As if I now had a choice…
My mother basically told me (without telling me) that Santa was a sham. To believe now would make me a rube, someone who fell off the turnip sleigh from the North Pole .
“Nah, of course not, mom,” I replied with a smile, as only a nine-year-old affecting machismo could. I was a big boy now and didn’t have time for fairy tales.
But after mom left the room I buried my face in my pillow and cried for hours. Every time I thought of it, my eyes welled up again. Mom had ruined Christmas, and Santa was dead.
Dad to the rescue
Dad came in and saw the red eyes. “What’s wrong, Michael? Why are you crying?”
“Because I want Santa Claus.”
“But you told Mom that you didn’t believe in Santa.”
“I know but I want him, anyway.”
Um, Mom, Dad, the jig is up
Ah, there’s the rub. I had known
that Santa wasn’t real since I was about six, when I heard my parents crash into at least a dozen dressers, doors, and tables while trying to move my Batman’s Wayne Foundation Play-set into the living room. Mom and Dad were Santa.
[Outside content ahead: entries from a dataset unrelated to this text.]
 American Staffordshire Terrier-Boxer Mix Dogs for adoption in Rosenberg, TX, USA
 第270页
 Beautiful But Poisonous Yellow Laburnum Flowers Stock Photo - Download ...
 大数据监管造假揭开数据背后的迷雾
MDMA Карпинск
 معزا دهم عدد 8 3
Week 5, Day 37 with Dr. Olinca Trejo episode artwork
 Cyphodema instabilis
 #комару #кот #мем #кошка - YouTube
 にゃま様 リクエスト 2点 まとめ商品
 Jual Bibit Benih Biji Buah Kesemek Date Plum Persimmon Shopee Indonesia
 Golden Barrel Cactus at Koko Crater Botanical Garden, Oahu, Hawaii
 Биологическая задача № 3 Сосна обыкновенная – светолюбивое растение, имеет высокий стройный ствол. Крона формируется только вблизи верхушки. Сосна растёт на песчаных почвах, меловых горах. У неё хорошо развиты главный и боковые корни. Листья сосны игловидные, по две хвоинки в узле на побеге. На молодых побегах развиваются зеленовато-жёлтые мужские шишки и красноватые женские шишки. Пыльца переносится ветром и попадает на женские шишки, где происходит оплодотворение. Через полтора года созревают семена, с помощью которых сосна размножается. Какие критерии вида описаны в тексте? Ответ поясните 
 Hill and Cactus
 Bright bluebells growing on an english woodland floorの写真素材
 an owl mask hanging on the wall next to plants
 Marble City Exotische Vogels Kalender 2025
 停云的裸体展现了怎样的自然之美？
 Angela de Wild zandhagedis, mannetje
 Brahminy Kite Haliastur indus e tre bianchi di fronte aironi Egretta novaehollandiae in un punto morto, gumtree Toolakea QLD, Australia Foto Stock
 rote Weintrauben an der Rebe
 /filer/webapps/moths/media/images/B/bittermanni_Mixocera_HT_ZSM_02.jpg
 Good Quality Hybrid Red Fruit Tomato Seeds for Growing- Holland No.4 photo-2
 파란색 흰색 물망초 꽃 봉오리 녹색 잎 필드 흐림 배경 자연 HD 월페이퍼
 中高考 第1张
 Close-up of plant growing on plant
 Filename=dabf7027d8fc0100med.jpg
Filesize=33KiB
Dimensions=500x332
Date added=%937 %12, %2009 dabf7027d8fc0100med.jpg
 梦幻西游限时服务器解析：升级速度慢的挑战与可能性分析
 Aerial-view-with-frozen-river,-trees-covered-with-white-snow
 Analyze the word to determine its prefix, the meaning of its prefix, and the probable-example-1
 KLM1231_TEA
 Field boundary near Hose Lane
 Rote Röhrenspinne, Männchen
But while I knew Santa’s secret identity, it was the magic of Santa that was still real, the magic that’s different from a card trick or sleight-of-hand illusion. I wanted the magic of tradition and stability. Santa wasn’t subject to my parents’ human imperfections. Santa was the part of Mom and Dad that I could always count on and that always knew just what I wanted and needed at Christmas time.
I always got what I wanted at Christmas time even though my parents didn’t have a lot of money. How that happened I’ll never know. It had to be Santa (and a lot of overtime).
He was also the guy who always made sure that my parents and sister got what I hoped to get them and couldn’t on my own with my meager allowance. With Santa anything is possible.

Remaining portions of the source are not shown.